Another wrinkle is that the Energy Department provided more than $8 billion in loan guarantees to help finance AP1000 reactors Westinghouse was building at Southern Co.'s Vogtle facility near Waynesboro, Ga. Those guarantees were given to the utilities, so the U.S. government and taxpayers should not be liable for any losses.

In seeking Chapter 11 protection, Westinghouse still could finish building those plants.

Westinghouse said it has arranged $800 million in debtor-in-possession financing so that it can continue to serve customers while restructuring its business. Cassella said the company will continue to staff its global business units. It could hire employees in some areas while laying off employees in others as it restructures.

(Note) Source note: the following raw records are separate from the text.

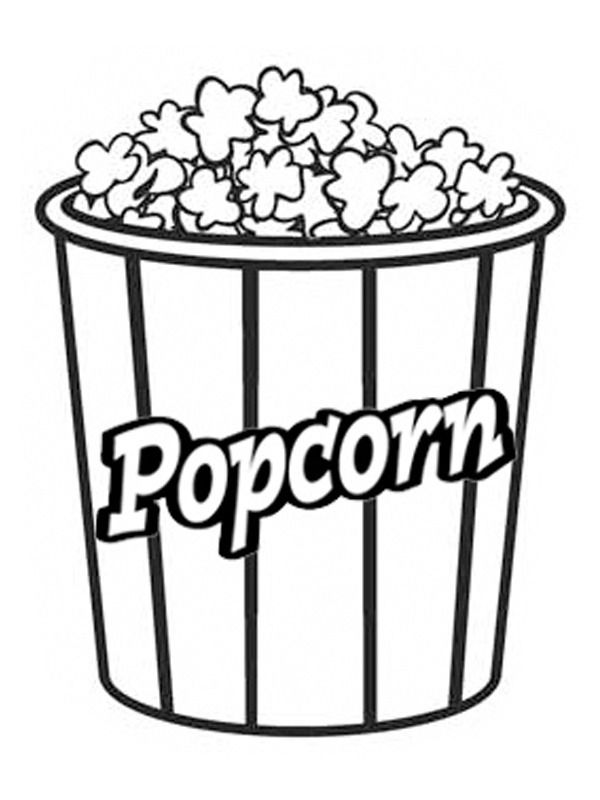 Kleurplaat popcorn | Food coloring pages, Donut coloring page, Colored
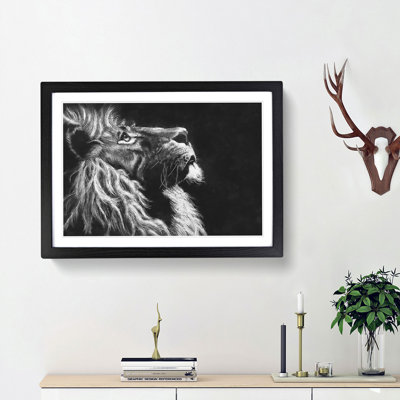 Majestic Lion Illustration - Picture Frame Graphic Art Print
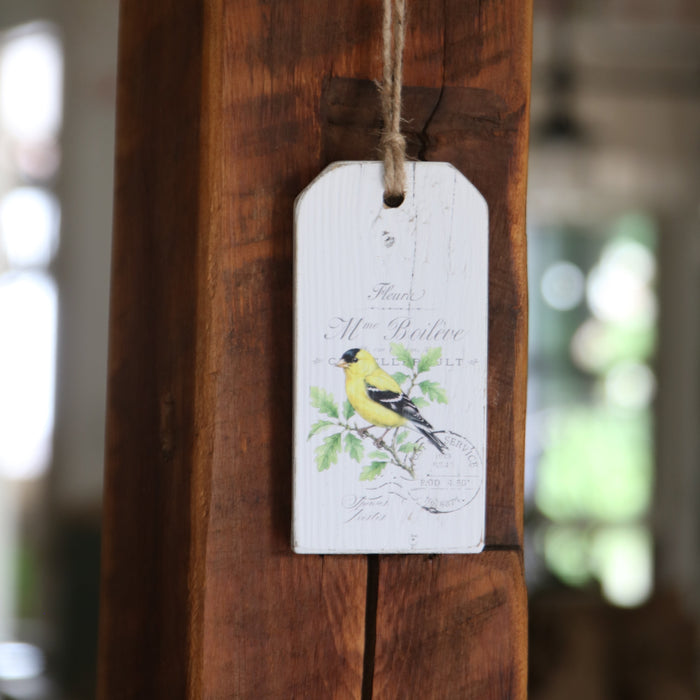 Reclaimed Wood Vintage Bird Tag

The collapse of Westinghouse reverberates through the global nuclear business. The company supplied the world's first commercial pressurized water reactor 60 years ago, and half of the world's 430 nuclear power reactors have Westinghouse technology.

Moreover, Westinghouse had claimed that its new AP1000 model had passive technology and a modular design that was safer, cheaper and faster to build. Many U.S. lawmakers and nuclear industry officials say the AP1000 could augur a “nuclear renaissance” in the United States.

Westinghouse is in charge of constructing four of these reactors at two sites: two being built by SCANA at the Virgil C. Summer Nuclear Generating Station, about 20 miles northwest of Columbia, S.C., and two in Georgia.

Westinghouse ran into trouble on both sites. Angry about delays and cost overruns, the owners of the nuclear plants filed claims against Westinghouse. A settlement was reached, but now the legal battles will begin again.